● PROBLEM REQUIREMENTS:
Once you reach the line with "Am großen Koldinger" in the material below, copy each line exactly up to and including the line with "Used Tesla Model", and skip the pictures.

● SUPPLIED RECORDS:
╭──
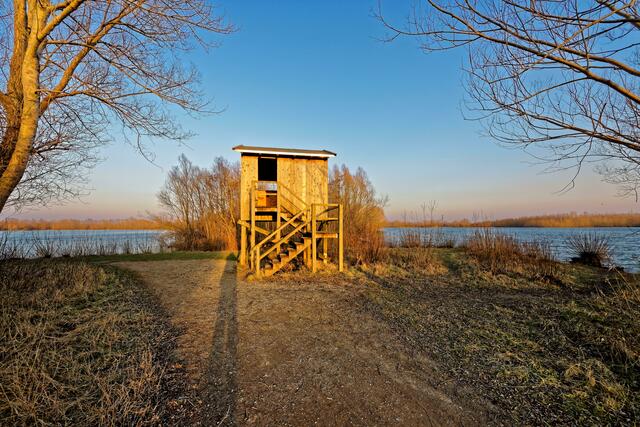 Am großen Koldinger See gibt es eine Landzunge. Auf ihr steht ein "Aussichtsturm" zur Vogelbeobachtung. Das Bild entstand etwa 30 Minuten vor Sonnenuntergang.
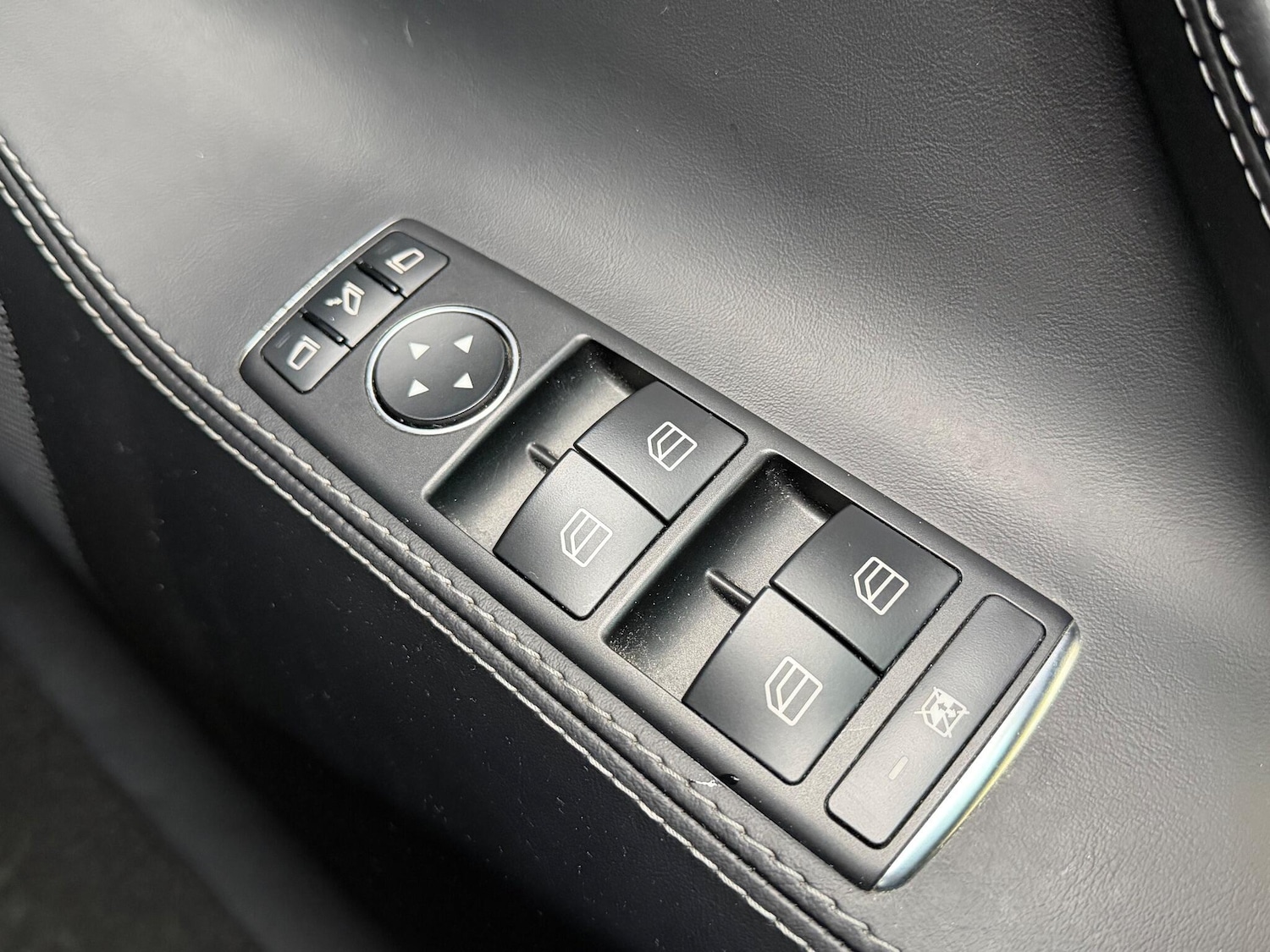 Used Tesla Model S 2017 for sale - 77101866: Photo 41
╰──
╭──
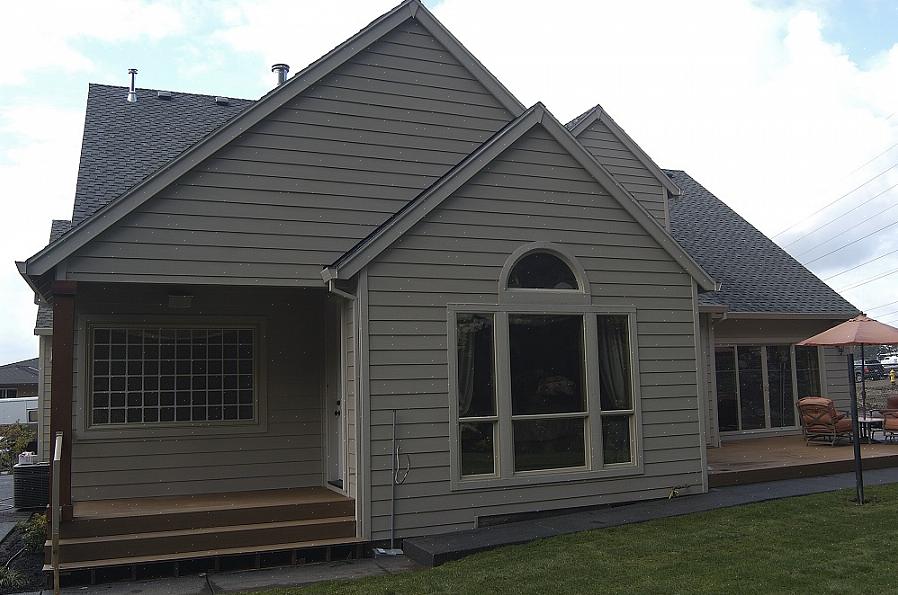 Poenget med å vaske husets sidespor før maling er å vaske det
╰──
● ANSWER BOX:
 Am großen Koldinger See gibt es eine Landzunge. Auf ihr steht ein "Aussichtsturm" zur Vogelbeobachtung. Das Bild entstand etwa 30 Minuten vor Sonnenuntergang.
 Used Tesla Model S 2017 for sale - 77101866: Photo 41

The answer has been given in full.